Celui de l'annonce convergente, où valeurs éditoriales et publicitaires coïncident parfaitement : cas idéal, le Climat de Lecture renforçant la signification de l'annonce. Ainsi l'Express nous renvoie l'image d'individus particulièrement sensibles au regard d'autrui, tout comme les annonces American Express ou Rover; Modes et Travaux, celle de femmes préférant la tradition, le naturel, que séduiront Herta ou Yves Rocher.

3.2 – Validation expérimentale

Selon le Climat de Lecture du titre au sein duquel elle insérera, une même annonce verra donc logiquement croître ou décroître son efficacité publicitaire.

C'est ce résultat que nous allons maintenant nous attacher à valider par l'observation : parmi les multiples critères d'évaluation disponibles, nous avons retenu l'impact, au travers du score de reconnaissance.

Pourquoi l'impact, et non l'agrément, ou la modification d'image? Simplement parce qu'il s'agit du critère le plus couramment usité; mais le même exercice peut s'effectuer à partir de critères tels qu'image, propension à l'achat, etc.

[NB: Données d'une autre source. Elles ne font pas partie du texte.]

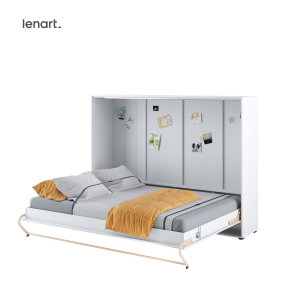 Wandklappbett 140x200 Horizontal Lenart CONCEPT PRO 4 Schrankbett Weiß CP-04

Pour mener à bien cette ultime étape, nous avons utilisé une vingtaine de post-tests publicitaires réalisés en totale indépendance de nos recherches, par l'institut Démoscopie. Ces tests étaient doublement ciblés pour ne retenir comme interviewés :

  • que des individus correspondant parfaitement à la cible de communication.
  • que des individus ayant eu l'occasion d'être exposés au moins une fois au plan média. D'où un second filtre portant sur les habitudes de lecture.

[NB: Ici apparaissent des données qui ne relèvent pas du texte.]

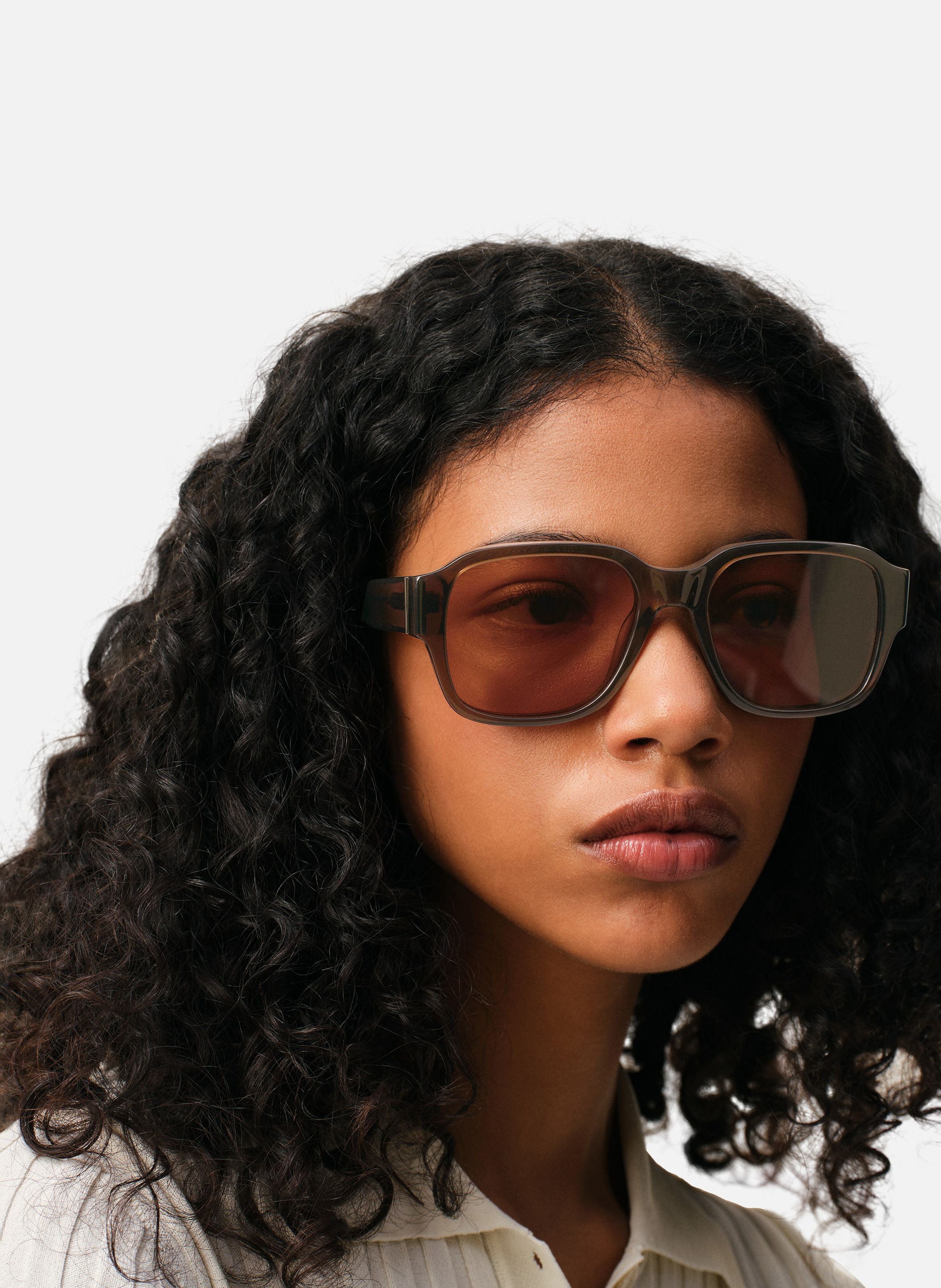 Lunettes de soleil 75006 en acétate unisexes AMI PARIS Marron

Les individus interrogés appartiennent nécessairement à l'audience utile d'un ou plusieurs titres du plan média : du croisement des scores de reconnaissance, par les habitudes de lecture, se déduit le score de reconnaissance spécifique à chaque titre.

Sur la vingtaine de post-tests analysés, tous fournissent des résultats concordants; les deux que je vais vous présenter concernent, l'un, une annonce de produits de soins haut de gamme, Jeanne Gatineau, insérée dans Modes et Travaux, Marie-Claire, Elle, Madame Figaro et Cosmopolitan.

Et le second, une annonce pour une marque d'électroménager, Radiola, publiée dans Modes et Travaux, Prima, Femme Actuelle et Elle.

L'annonce Gatineau, très élitiste, transforme le produit, présenté en majesté, un signe de reconnaissance social. La femme qui achète un tel soin de beauté, tire avant tout satisfaction du regard porté sur elle par les autres femmes, d'où un Climat de Lecture conjuguant Extraversion et Distanciation.

Rappelons que celui de l'annonce Radiola, précédemment analysée, était, quant à lui, nettement Introverti.

Le score de reconnaissance de Jeanne Gatineau varie de 53,4% à 33,3%, de Cosmopolitan à Modes et Travaux, celui de Radiola, de 38% à 28,4%, de Modes et Travaux à Elle, ce qui, dans les deux cas, apparaît en parfait accord avec les analyses précédentes.

En d'autres termes, l'efficacité d'une annonce dépend étroitement du Climat de Lecture du titre au sein duquel elle est insérée.

 

Article paru dans : Seminar on Qualitative Research – Esomar, 7th-9th November 1990.
(1) Paternité en fait usurpée, la publicité dans la presse préexistant au lancement de La Presse.
(2) Dan Sperber et Deidre Wilson, La Pertinence, Editions de Minuit - 1989.
(3) In Lector in fabula.
(4) In Lector in fabula.
(5) Cette carte a été réalisée après une analyse sémiologique détaillée des titres féminins majeurs, selon la méthodologie ci-dessus exposée. Les items ainsi dégagés sont ensuite croisés avec les habitudes de lecture des divers titres concernés, par analyse de correspondances.
(6) Georges Péninou, Intelligence de la publicité, Robert Laffont, Paris, 1972.
(7) Edgar Morin, Sélection, réjection, in Communications 49, Paris , Seuil, 1989.